(Task objective):
A faithful copy of the data below is required, leaving out every picture.

(Collected data):
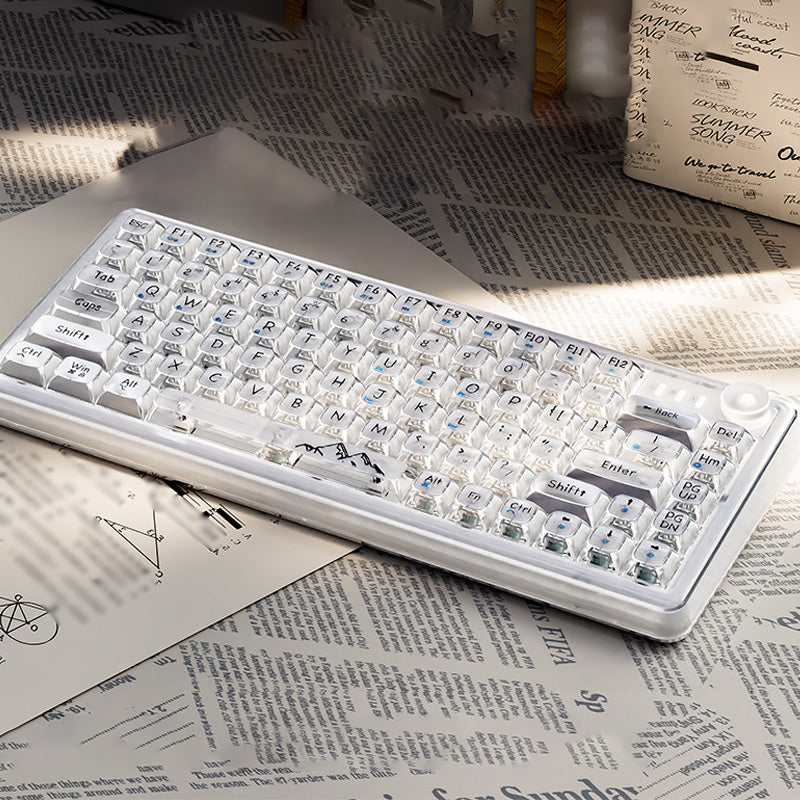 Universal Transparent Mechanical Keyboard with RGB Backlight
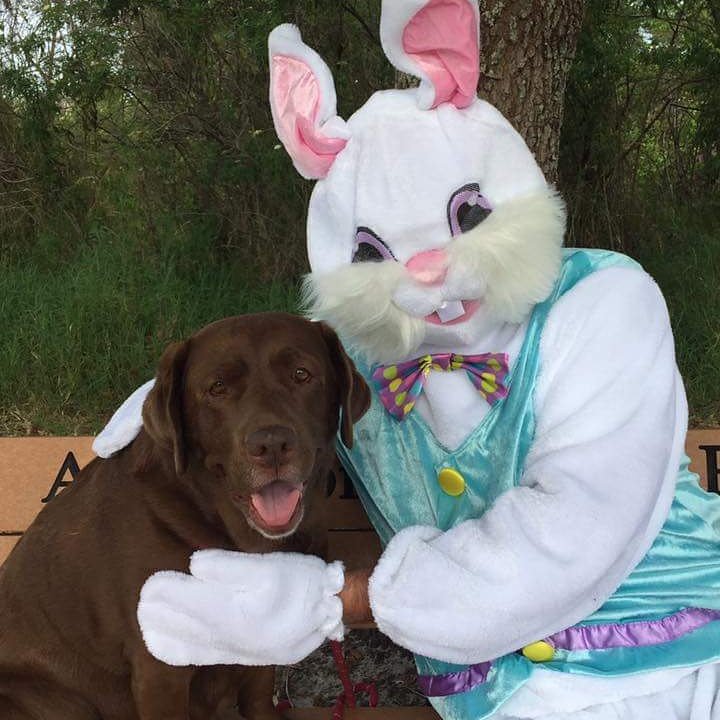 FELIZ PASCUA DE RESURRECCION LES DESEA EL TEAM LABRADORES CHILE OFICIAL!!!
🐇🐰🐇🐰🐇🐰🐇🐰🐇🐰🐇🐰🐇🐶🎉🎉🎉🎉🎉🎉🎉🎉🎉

(Answer for this exercise):
 Universal Transparent Mechanical Keyboard with RGB Backlight
 FELIZ PASCUA DE RESURRECCION LES DESEA EL TEAM LABRADORES CHILE OFICIAL!!!
🐇🐰🐇🐰🐇🐰🐇🐰🐇🐰🐇🐰🐇🐶🎉🎉🎉🎉🎉🎉🎉🎉🎉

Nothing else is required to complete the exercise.